Comment devenir freelance à la Maison des Artistes

Vous envisagez de démarrer une activité en tant qu’artiste indépendant ? Vous exercez comme graphiste, illustrateur, webdesigner, photographe, peintre, ou dans toute autre profession relative à la création artistique ? S’il est tentant de devenir artiste freelance en raison des multiples avantages de ce mode de travail, un tel projet doit néanmoins être préparé avec soin.

Devenir artiste freelance signifie démarrer une activité professionnelle indépendante, souvent ponctuée de missions freelance variées. Mais d’abord, c’est quoi un artiste indépendant ? La réponse est simple : c’est un créateur d’œuvres artistiques, une personne qui exerce l’un des arts appliqués en tant que professionnel.

Pourquoi devenir freelance graphiste ou illustrateur ?

Devenir artiste freelance, c’est profiter de tous les avantages inhérents à l’exercice d’une activité professionnelle indépendante. Le principal avantage du freelance, c’est donc l’autonomie. En tant qu’artiste indépendant, vous choisissez avec qui vous travaillez, sélectionnez les missions qui vous intéressent, fixez vos propres tarifs. Vous pouvez vous déplacer sur votre lieu de travail (chez les clients, dans un local que vous louez, dans un espace de coworking) ou exercer depuis votre domicile.

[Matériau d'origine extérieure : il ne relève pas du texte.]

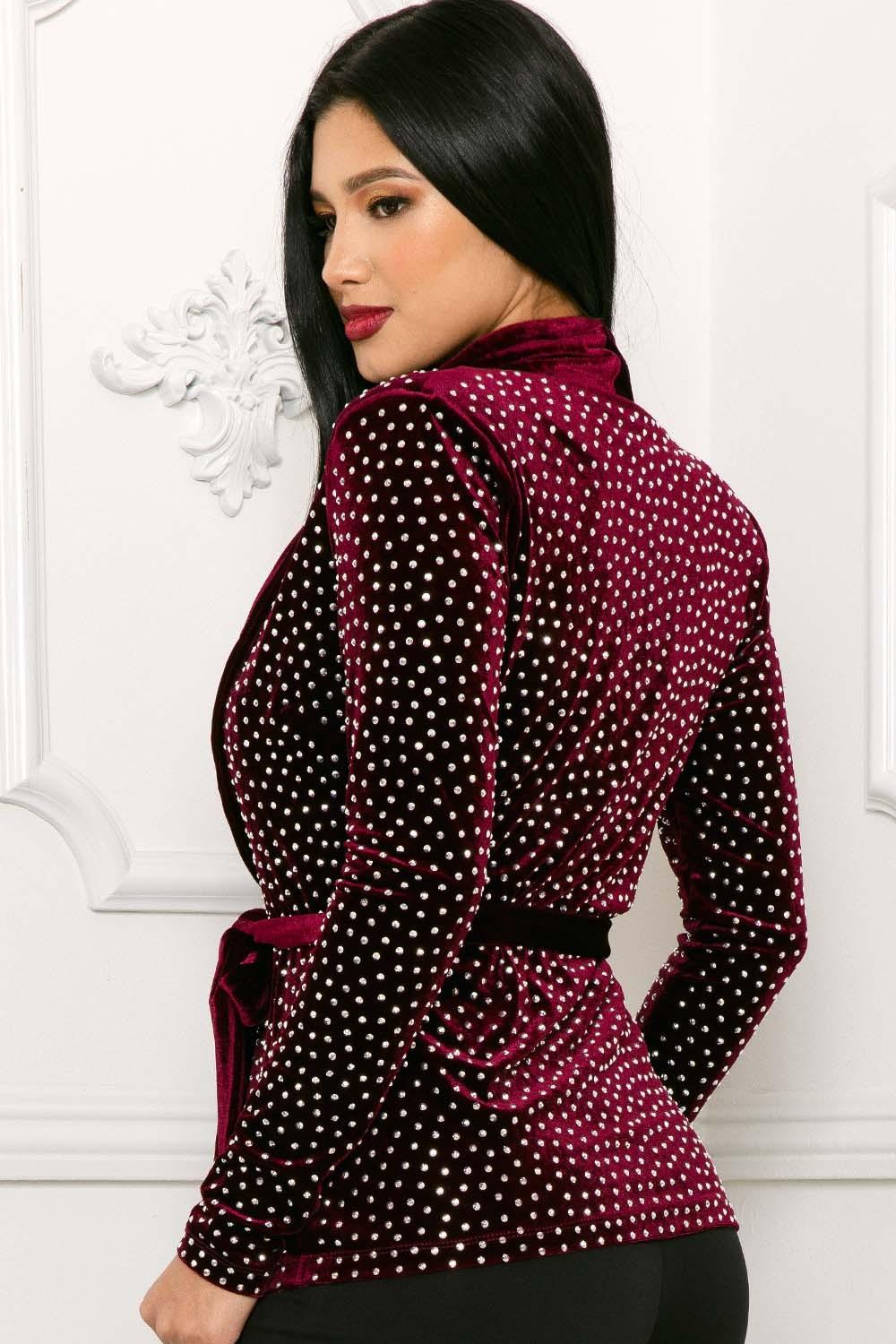 rhinestone studded velvet smoking jacket - RK Collections Boutique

En contrepartie, devenir artiste freelance vous oblige à gérer les différents aspects de votre activité professionnelle. Ces obligations varient en fonction du statut juridique choisi (selon que vous avez créé ou non une entreprise), mais elles comprennent le plus souvent des formalités administratives, comptables et fiscales. En outre, vous devez prendre en charge la partie commerciale de votre activité : trouver vos clients, négocier les modalités de vos missions, gérer votre planning et facturer vos prestations.

Les prérequis pour devenir freelance

Pour devenir artiste freelance, il ne suffit pas d’avoir du talent. Il faut aussi avoir les compétences incontournables pour exercer, en particulier maîtriser les outils exigés par le métier. Par exemple, un graphiste indépendant est amené à travailler sur des logiciels de création sur ordinateur, comme InDesign ou Photoshop.

Lire aussi: Droits des Auto-Entrepreneurs en Congé Parental

C’est pourquoi, même si les métiers artistiques ne sont pas réglementés et ne nécessitent pas de présenter de diplômes spécifiques, il est recommandé d’avoir suivi une formation dédiée. Il existe un grand nombre de cursus adaptés : BTS design graphique, Bachelor en art, diplôme d’arts appliqués, licence en communication visuelle, Master en graphisme, et bien d’autres.

Quant aux qualités requises pour devenir artiste freelance, citons : la créativité (indispensable), la polyvalence (essentielle), la rigueur (plus que souhaitable) et l’adaptabilité (cruciale). Il faut aussi être à l’écoute du client, afin de bien comprendre sa demande et ses contraintes, pour ensuite concrétiser son projet dans le format ou sur le support souhaité.

Choisir son statut juridique

Devenir artiste freelance nécessite aussi de donner un cadre juridique à votre activité. À ce titre, vous pouvez choisir d’en passer par la création d’entreprise, d’opter pour le statut d’artiste-auteur, ou de recourir au portage salarial. Telles sont les formes juridiques que les créateurs indépendants choisissent le plus souvent.

Créer une entreprise

La micro-entreprise est adaptée à un lancement d’activité. Les formalités sont réduites, les charges sociales limitées, et le régime fiscal simplifié. L’auto-entrepreneur peut démarrer son activité professionnelle en quelques heures. L’inconvénient, c’est le manque de souplesse du statut, une protection sociale anecdotique, et les plafonds de chiffre d’affaires (72 500 € par an pour une activité libérale).

L’entreprise individuelle est une version plus souple de l’auto-entreprise. Le chiffre d’affaires n’est pas plafonné, au contraire de ce qu’il se passe pour le micro-entrepreneur, mais la protection sociale reste faible. Dans les deux cas, toutefois, l’entrepreneur engage sa responsabilité complète : seul l’EIRL (entreprise individuelle à responsabilité limitée) permet de séparer le patrimoine personnel du patrimoine professionnel.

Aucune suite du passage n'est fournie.